DALLAS, March 07, 2016 (GLOBE NEWSWIRE) — Triumph Bancorp, Inc. (NASDAQ:TBK) today announced that it has signed a definitive agreement to acquire ColoEast Bankshares, Inc., parent of Colorado East Bank & Trust, headquartered in Lamar, Colorado.
ColoEast Bankshares, Inc. is a bank holding company with $759 million in total assets as of 12/31/2015. Its community banking subsidiary, Colorado East Bank & Trust, offers personal checking, savings, CD, money market, HSA, IRA, NOW and business accounts, as well as consumer, commercial and mortgage loans from 18 branches and one loan production office located throughout Colorado and far western Kansas.
“Triumph’s acquisition of ColoEast Bankshares, Inc. will provide immediate and long-term benefits to both of our organizations,” commented Aaron P. Graft, Vice Chairman and CEO of Triumph Bancorp, Inc. “We are excited to welcome the customers and staff of Colorado East Bank & Trust to the Triumph Bancorp group of companies.”
Stephen A. Sherlock, Vice Chairman and CEO of Colorado East Bank & Trust commented, “We are pleased to join a dynamic and entrepreneurial organization with a track record of strong growth. By partnering with Triumph we will be able to offer our customers the same level of prompt, professional and personal service they are accustomed to along with an expanded product offering in support of local economic and civic development in the communities in which we operate.”
The definitive merger agreement provides for Triumph Bancorp, Inc. to acquire ColoEast Bankshares, Inc. in an all-cash transaction. Under the terms of the definitive agreement, Triumph Bancorp, Inc. will pay $70 million for the outstanding common stock of ColoEast Bankshares, Inc. Consideration could be reduced to $69 million should ColoEast Bankshares, Inc. not achieve certain targets.

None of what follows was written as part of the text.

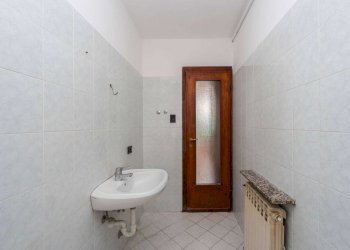 Two-room apartment Asso - photo 17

The merger has been unanimously approved by the Boards of Directors of both companies and is subject to customary closing conditions, including approval of the merger agreement by ColoEast Bankshares, Inc. shareholders and receipt of required regulatory approvals. The transaction is expected to close in the third quarter of 2016.
Triumph Bancorp, Inc. was advised in this transaction by Wachtell, Lipton, Rosen & Katz as legal counsel. Performance Trust, LLC rendered a fairness opinion to the Board of Directors of ColoEast Bankshares, Inc. in connection with this transaction. Bieging, Shapiro & Barber acted as legal counsel to ColoEast Bankshares, Inc.

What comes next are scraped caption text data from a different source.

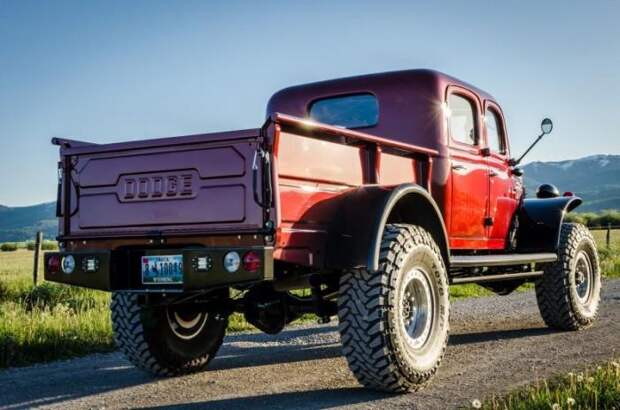 Крутой 70-летний Dodge Power Wagon с мощным двигателем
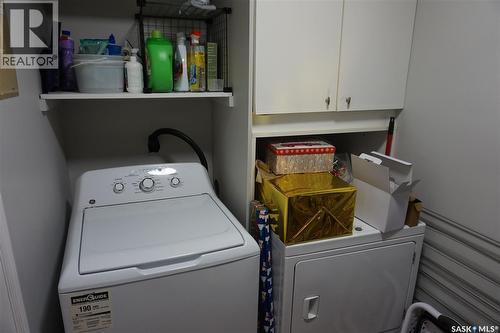 303 2315 Mcintyre Street, Regina, SK - Indoor Photo Showing Laundry Room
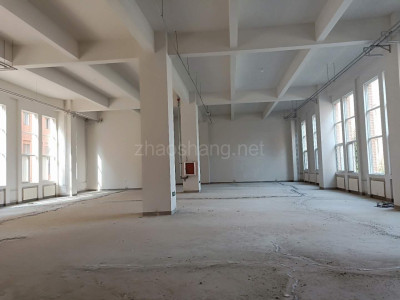 通州区厂房出租亦庄地铁旁 落地窗企业独栋招租 价格优惠 户型方正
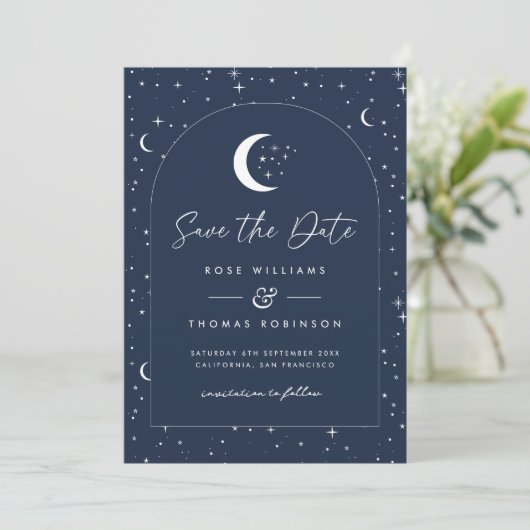 Save The Date Midnight Blue Celestial Arched Enregistrer La Date (Debout devant)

Aaron P. Graft, Vice Chairman and CEO, and Bryce Fowler, CFO, of Triumph, will host a conference call for investors and analysts, to discuss the transaction details, beginning at 10:00 a.m. Central Time on Monday, March 7th, 2016.
To participate in the live conference call, please dial 1 (855) 779-1042 (U.S. and Canada) and enter Conference ID # 62419950. A simultaneous audio-only webcast may be accessed via Triumph’s website at www.triumphbancorp.com through the Investor Relations, News & Events and Webcasts and Presentations links, or through a direct link here at http://edge.media-server.com/m/p/zyesxsgp. An archive of this conference call will subsequently be available at this same location on Triumph’s website.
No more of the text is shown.